Exactly the lines from the line with "Descubra o Mundo" through the final line of the records below, both ends included, are to be set down. Do not include pictures.

Data for this exercise>
Content starts
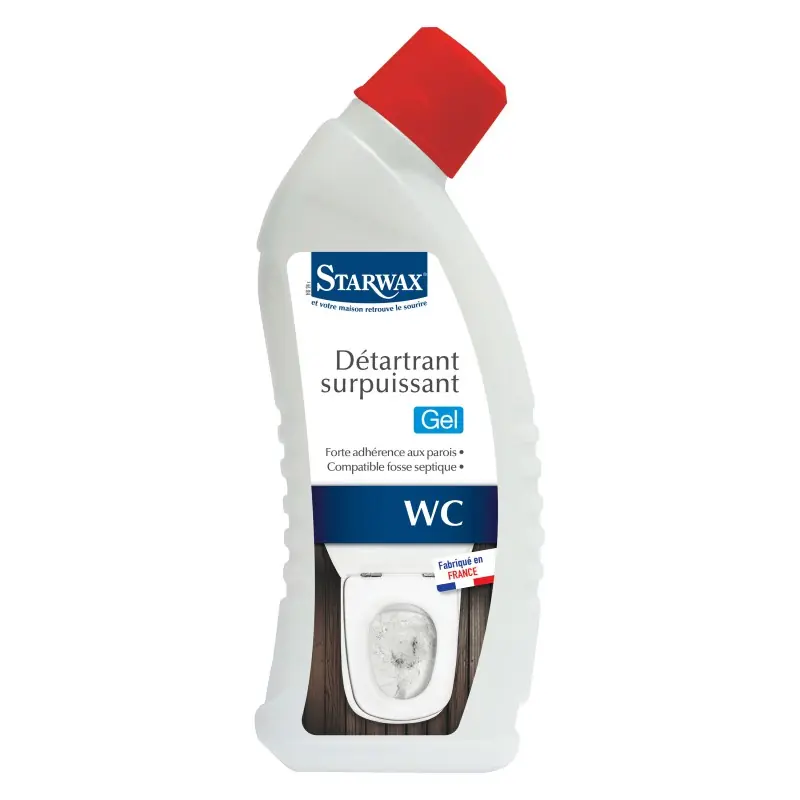 Meilleur Prix DETARTRANT GEL WC 750ML – STARWAX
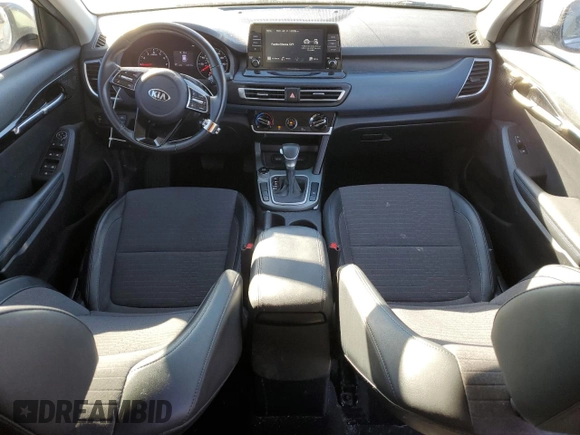 2021 Kia Seltos S with VIN KNDEU2AAXM7095595, listed as a Copart auction lot 87456074 with 122,712 mi miles and Clean Title. Bid and sale history available at DreamBid. Image 8.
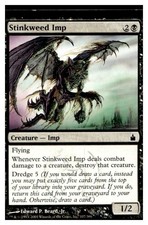 Ravnica: City of Guilds #107 Stinkweed Imp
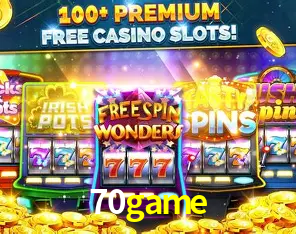 Descubra o Mundo do Cassino Online com 70game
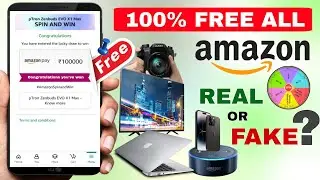 Amazon Fun Zone | Amazon Spin and Win real or fake | Spin and Win, Quiz, Jackpot on Amazon Contest
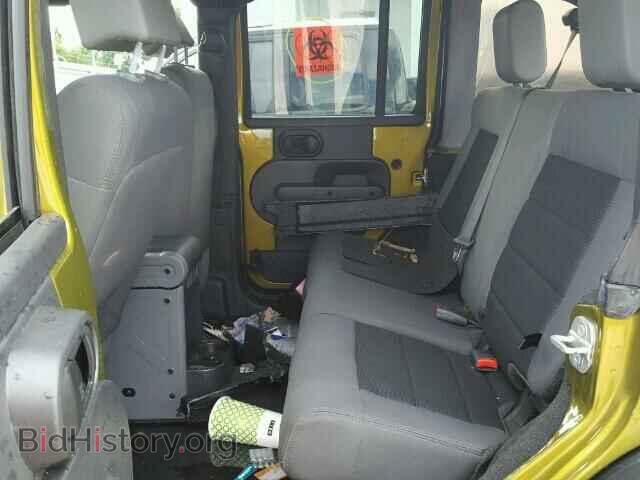 2008 JEEP WRANGLER - VIN: 1J4GA39158L601708 - Фото 6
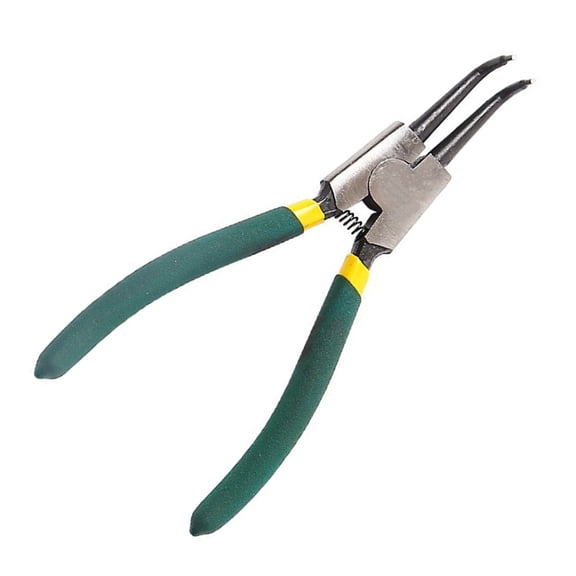 Lynono Multifunctional 7Inch Internal External Spring Clip Pliers Sturdy Carbon Steel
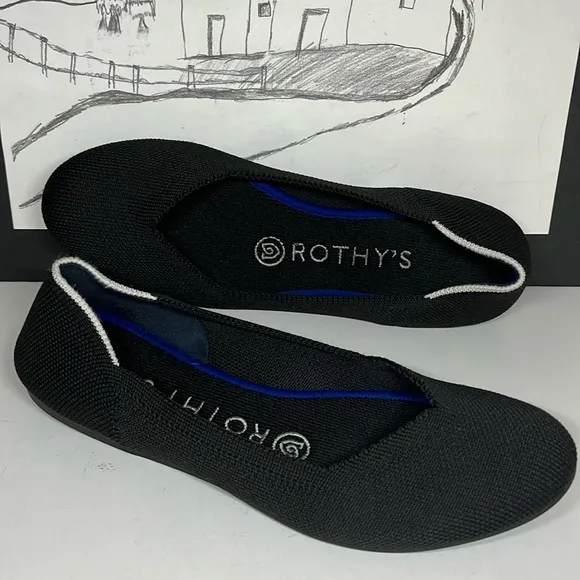 Rothy’s The Flat Round Toe Women’s Size 6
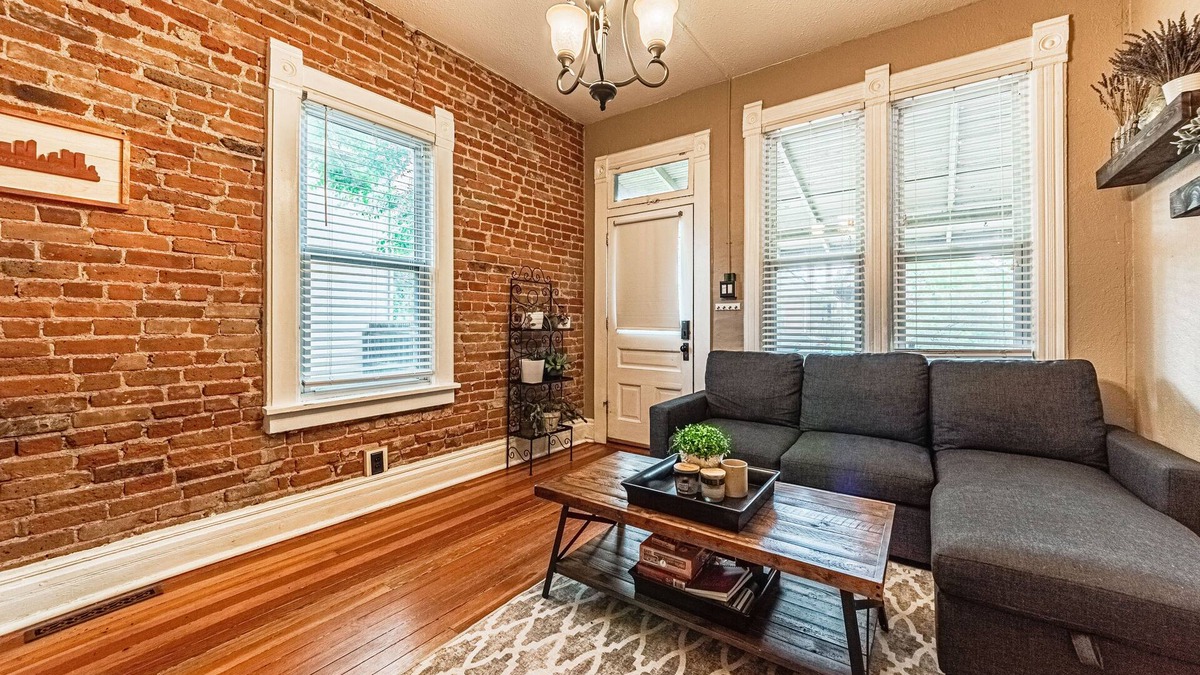 Baker Cottage | Cozy, Historic Home in A+ Location!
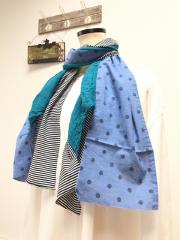 NATURAL LAUNDRY、F(フリー)、ストール・マフラー・スカーフ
Content ends
Solution for this exercise>
 Descubra o Mundo do Cassino Online com 70game
 Amazon Fun Zone | Amazon Spin and Win real or fake | Spin and Win, Quiz, Jackpot on Amazon Contest
 2008 JEEP WRANGLER - VIN: 1J4GA39158L601708 - Фото 6
 Lynono Multifunctional 7Inch Internal External Spring Clip Pliers Sturdy Carbon Steel
 Rothy’s The Flat Round Toe Women’s Size 6
 Baker Cottage | Cozy, Historic Home in A+ Location!
 NATURAL LAUNDRY、F(フリー)、ストール・マフラー・スカーフ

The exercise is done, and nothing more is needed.